I was in a hurry, if you must know. I was driving an hour and a half for my baby sister’s graduation, and a couple of unplanned errands put me behind schedule. One of the stops was a quick gas-up, and I was going about it rather briskly. Swipe the card. Open the cap. Jab in the nozzle.
I was willing the gas to flow faster when a woman approached me from the other side of the gas pump. She was well-dressed in a peach pant suit and white blouse; her white hair was set in a soft curl; her frame slight. The woman looked at me hesitantly.
“So, what kind do you usually use,” she asked me, looking at the pump.
“I just use Regular,” I said, pointing at the button.
“Oh,” she said. “I wasn’t sure.” She looked around nervously.
“Do you need some help,” I asked, knowing that it would make me later than I already was. In my mind, I began to concoct a story about “the old woman who needed my help.” That would surely make up for part of my tardiness.
“Well, if you don’t mind,” the woman said.
“Just let me finish up here,” I told her, not wanting to leave the open nozzle unattended.
When I went around to the other side, I saw that she had already swiped her credit card, had already picked up the nozzle and inserted it into the tank, and had even selected “Regular.” The only thing she hadn’t done was start pumping.

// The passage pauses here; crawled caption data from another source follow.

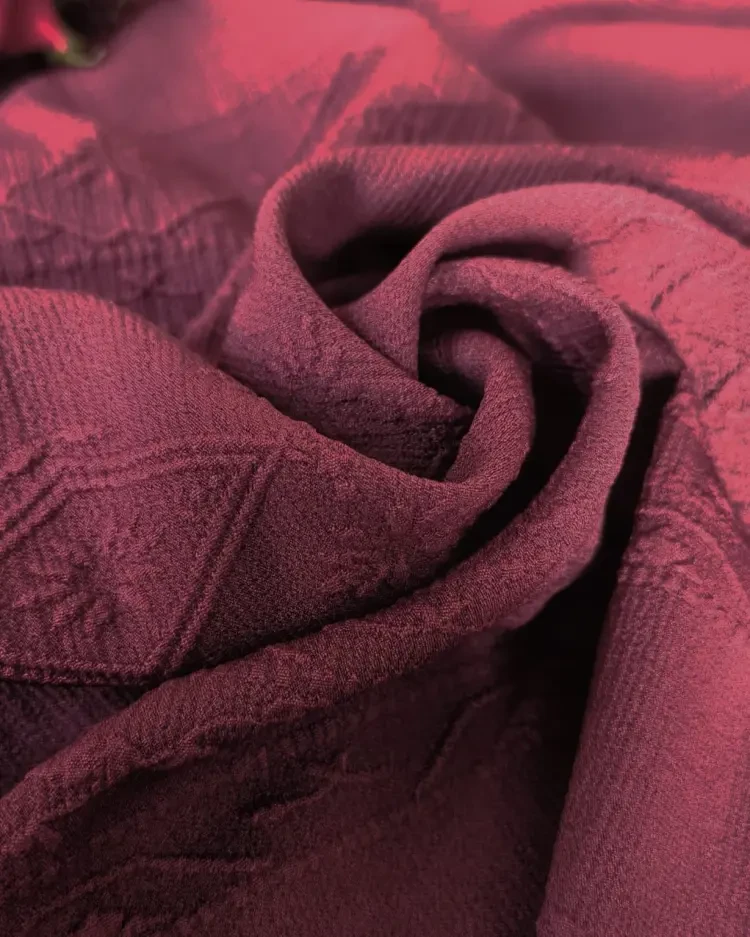 Chinese Embossed Cotton Panjabi (Maroon)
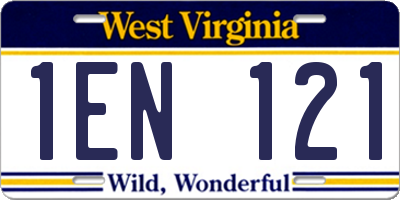 WV license plate 1EN121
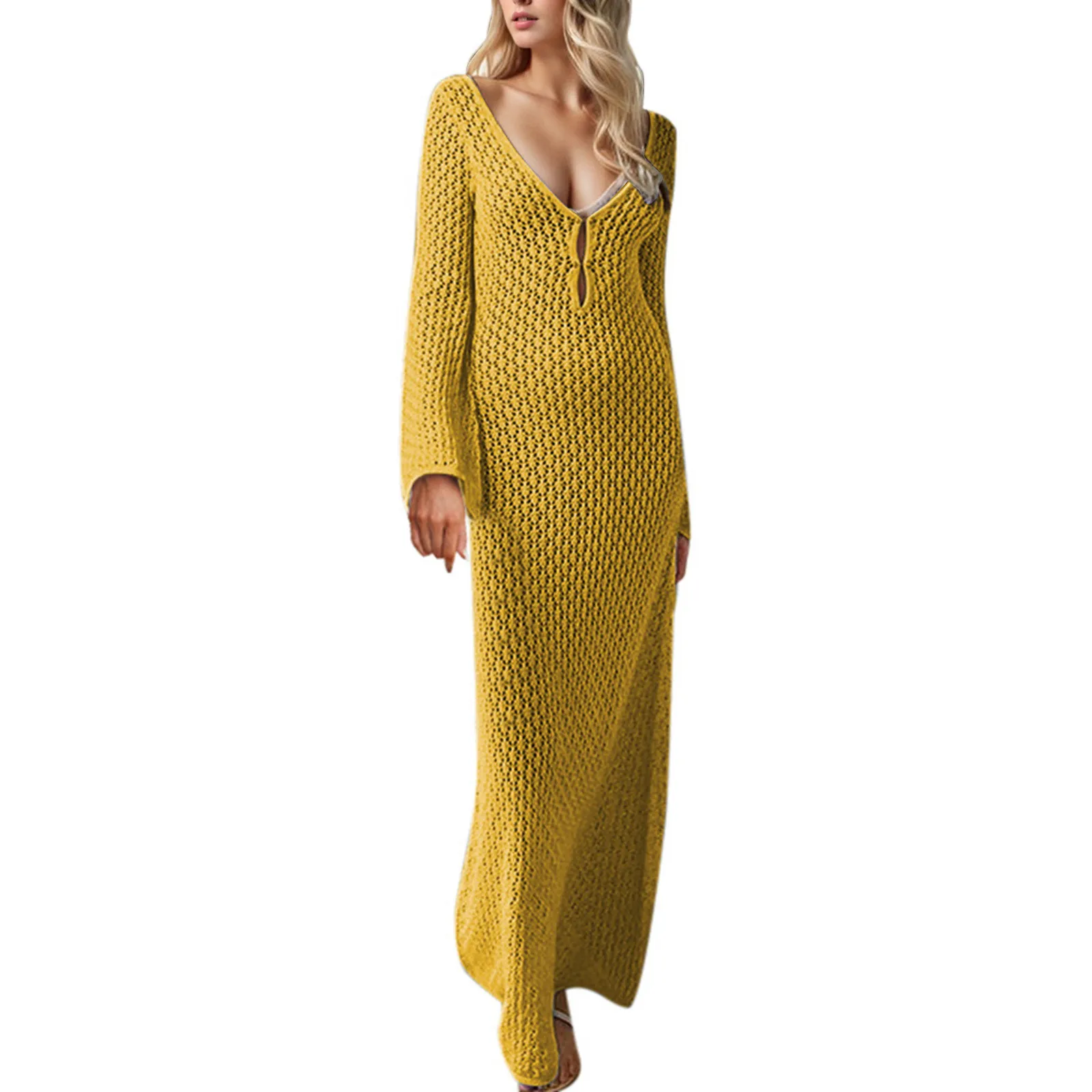 

2024 однотонное женское длинное вязаное пляжное платье Sey с глубоким V-образным вырезом и длинным рукавом, накидка на бикини, осеннее платье с открытой спиной, праздничное платье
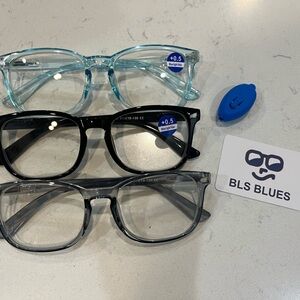 BlueLight Glasses Pack of Three in Blue Black and Grey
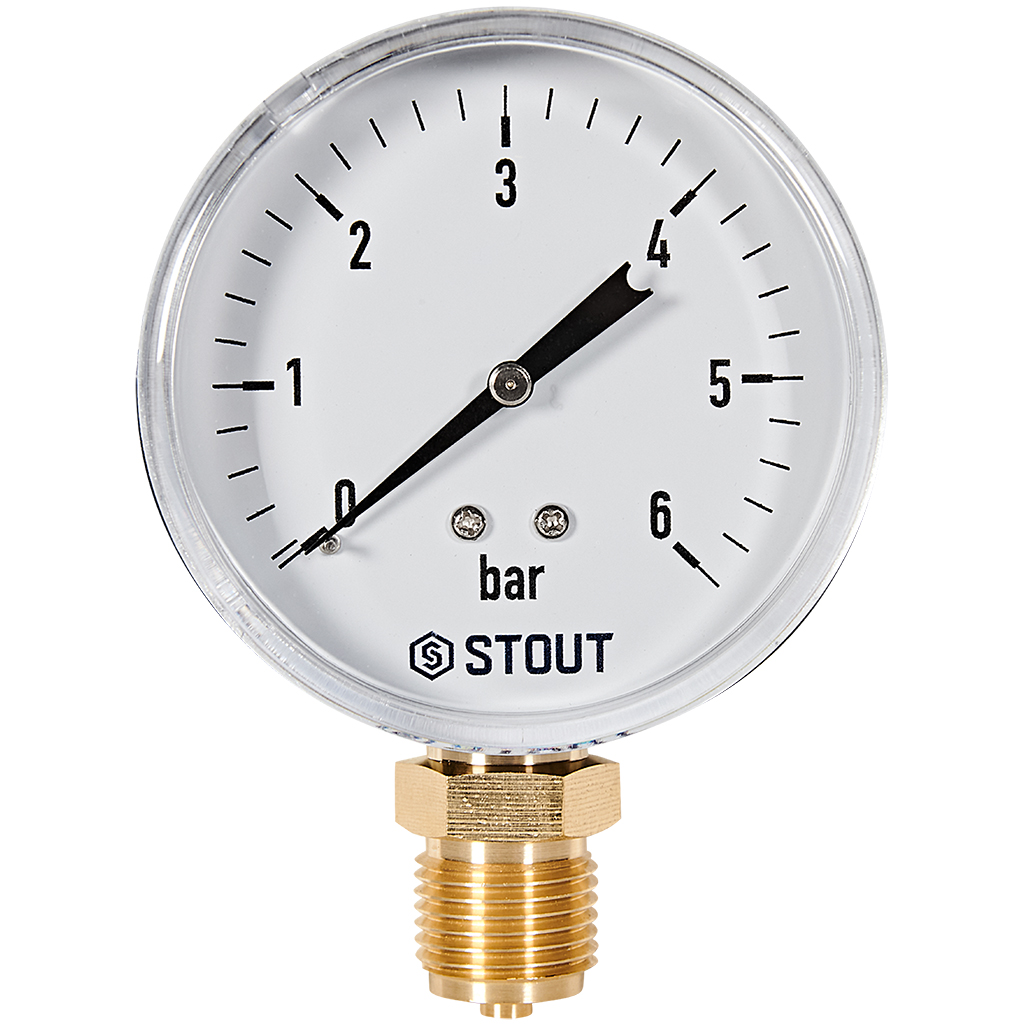 STOUT Манометр радиальный. Корпус Dn 80 мм 1/2 , 0...6 бар, кл.2.5
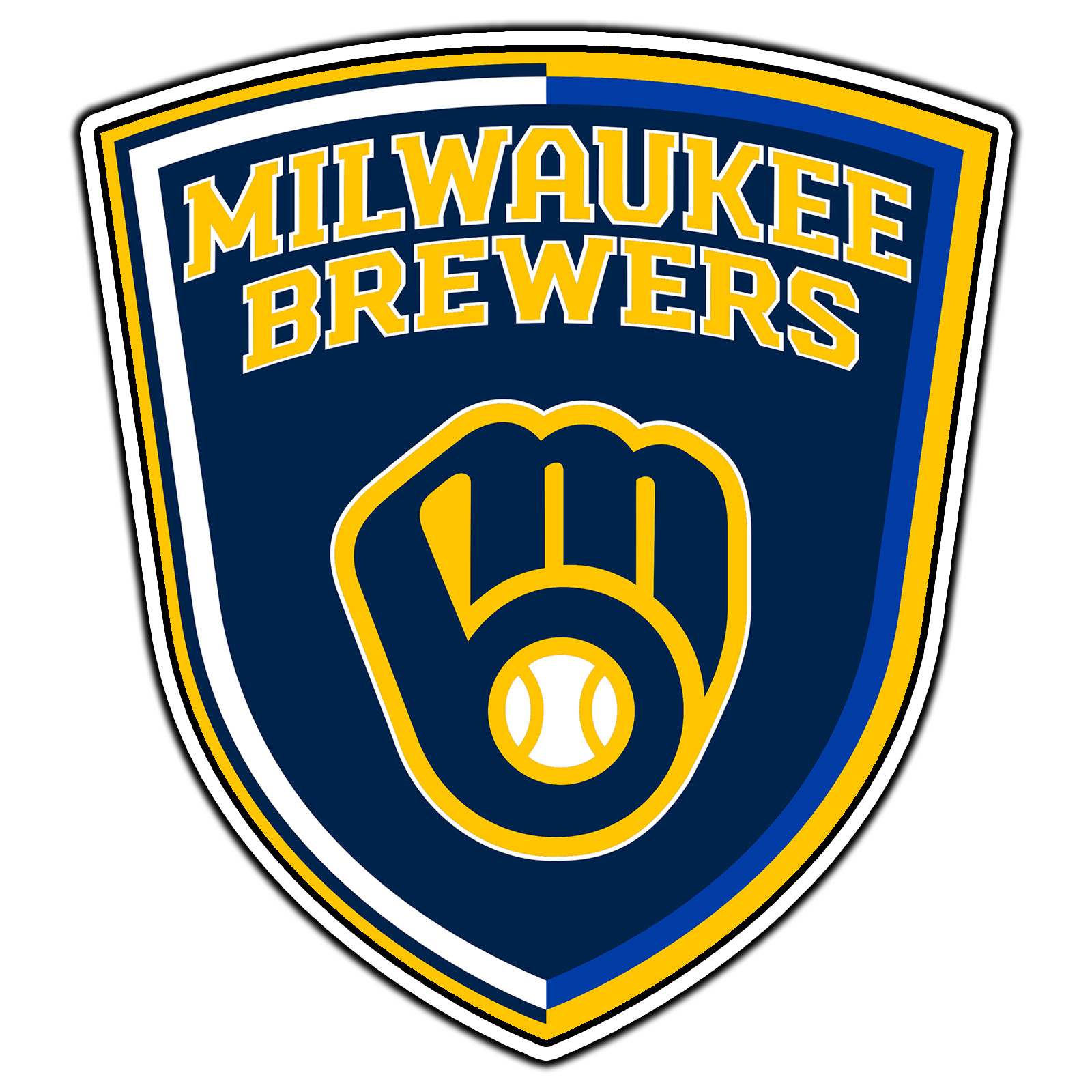 Milwaukee Brewers Shield Logo #18 Baseball Fan Sticker Waterproof Vinyl Decal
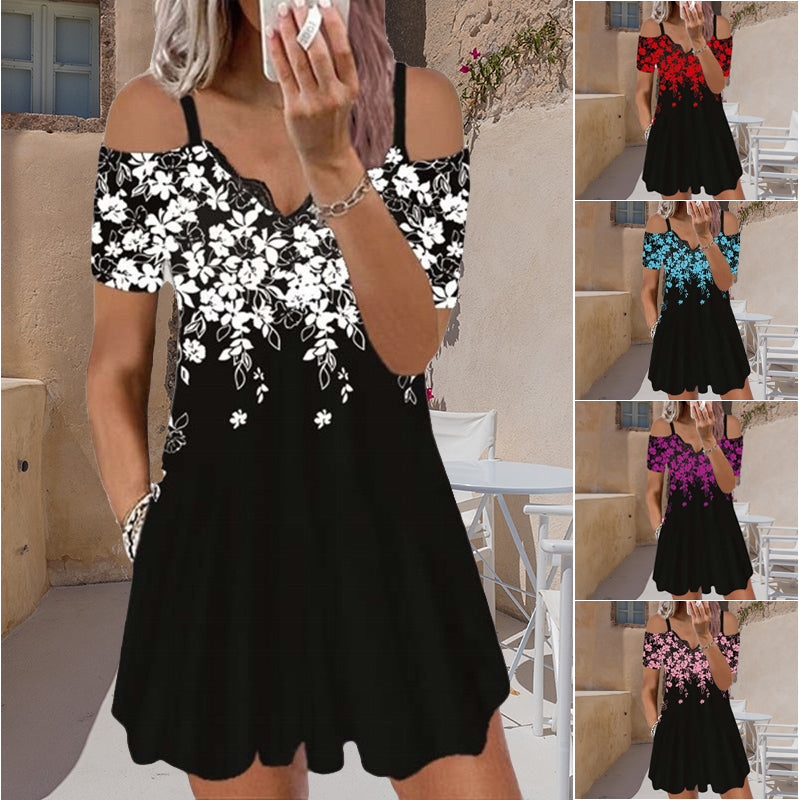 Women's Lace V-Nck Floral Print Sexy Dress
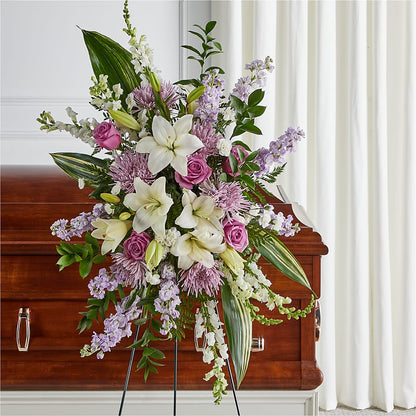 Grateful Hearts Standing Spray –  Ballard Blossom Inc, Seattle WA
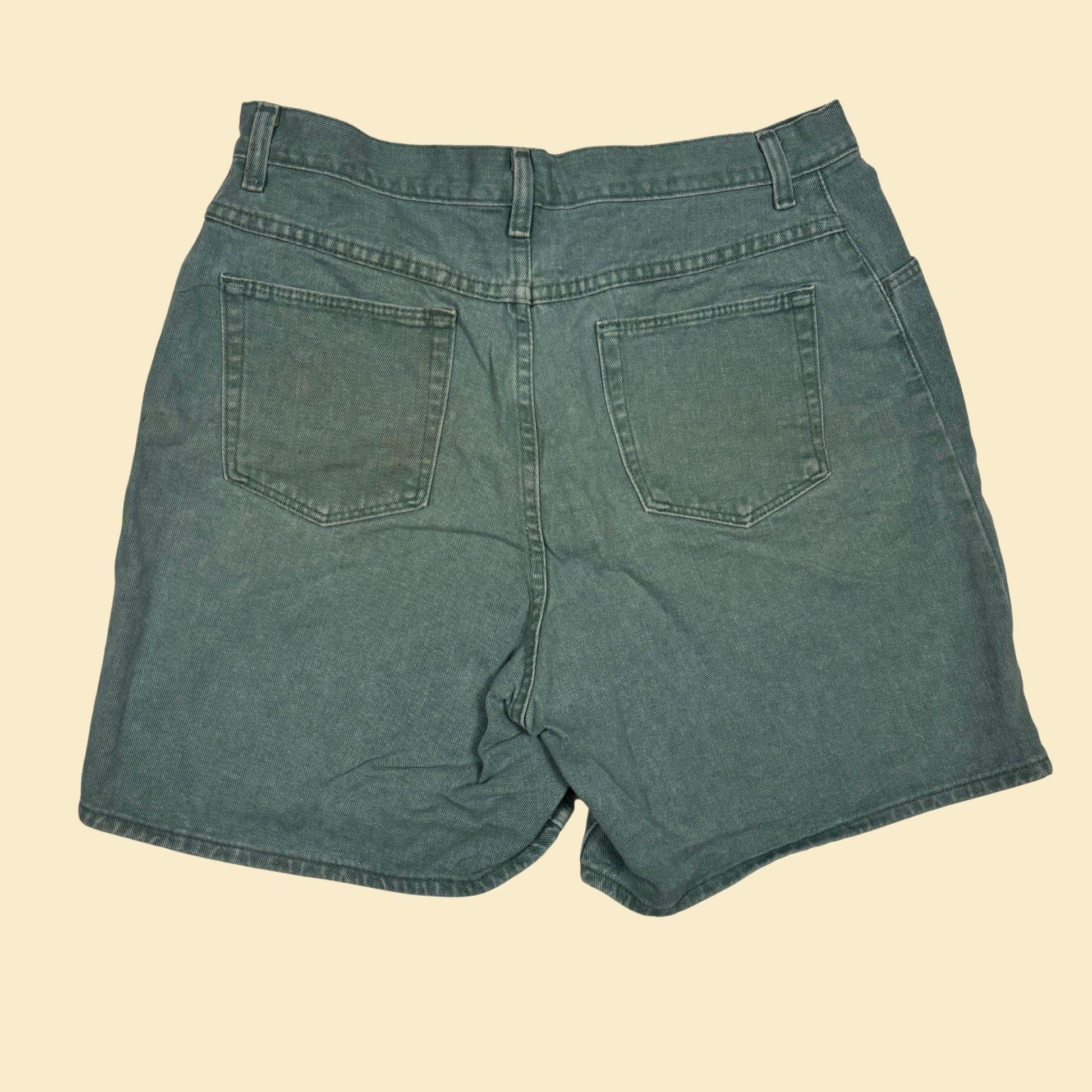 90s green highrise shorts by Wrangler, size 16 vintage denim acid wash women's shorts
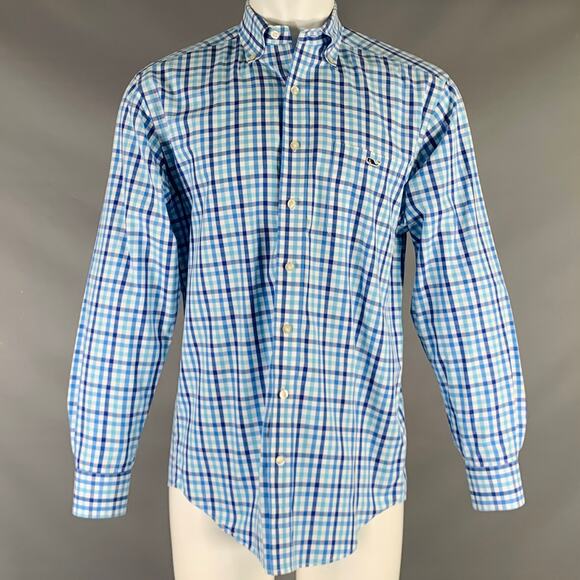 VINEYARD VINES Size M Blue White Checkered Cotton One pocket Long Sleeve Shirt
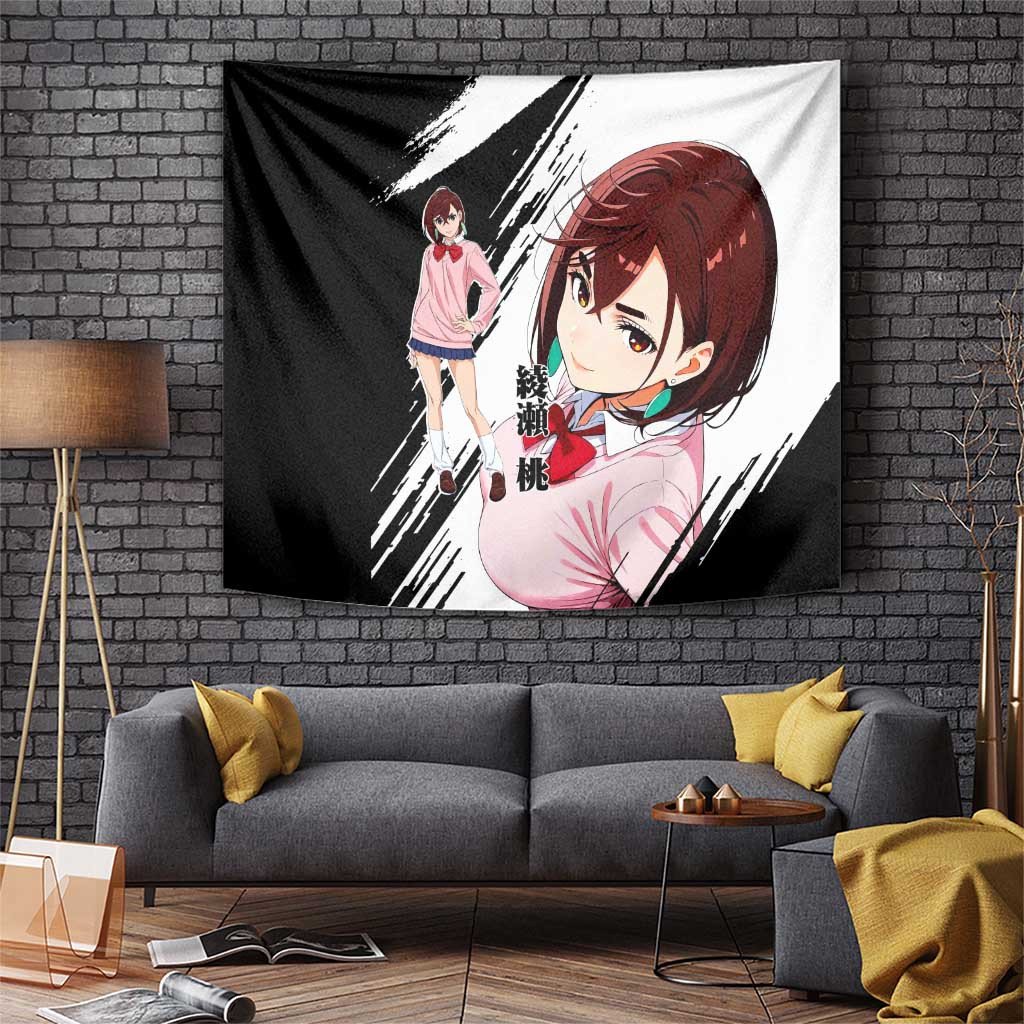Ayase Momo Dandadan Tapestry With Pink School Uniform And Split Black White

“Oh, it looks like you’ve done a great job,” I said to her, mentioning each of the things that she had done right. She obviously just needed a little reassurance.
“Well, I used to get my own gas all the time at the gas station near my house,” she said.
“Did you move?” I asked.
She said, “Yes,” then named a nearby assisted living facility. She was of the age when few women who are married get their own gas. I wondered about her husband. I also wondered whether the move had been her choice or her children’s. And what had happened to her house?
“Well, then this was close for you,” I said.
“Is this place ok?” she asked, suddenly unsure again. She was so nervous, so alone. What courage she had mustered just to ask a stranger for help. Then I remembered I was wearing a dress. And I have that trustworthy look. This wasn’t my first encounter with a stranger.
“Oh yes, this station is fine. Or there’s another just down the road from where you live,”I told her, explaining the intersection.
“I am so glad you were here; I don’t know what I would have done without you,” she said.
“Oh, I think you would have been just fine,” I told her, saying it at the same time to a future me, the one who would be pumping gas here in twenty years, alone.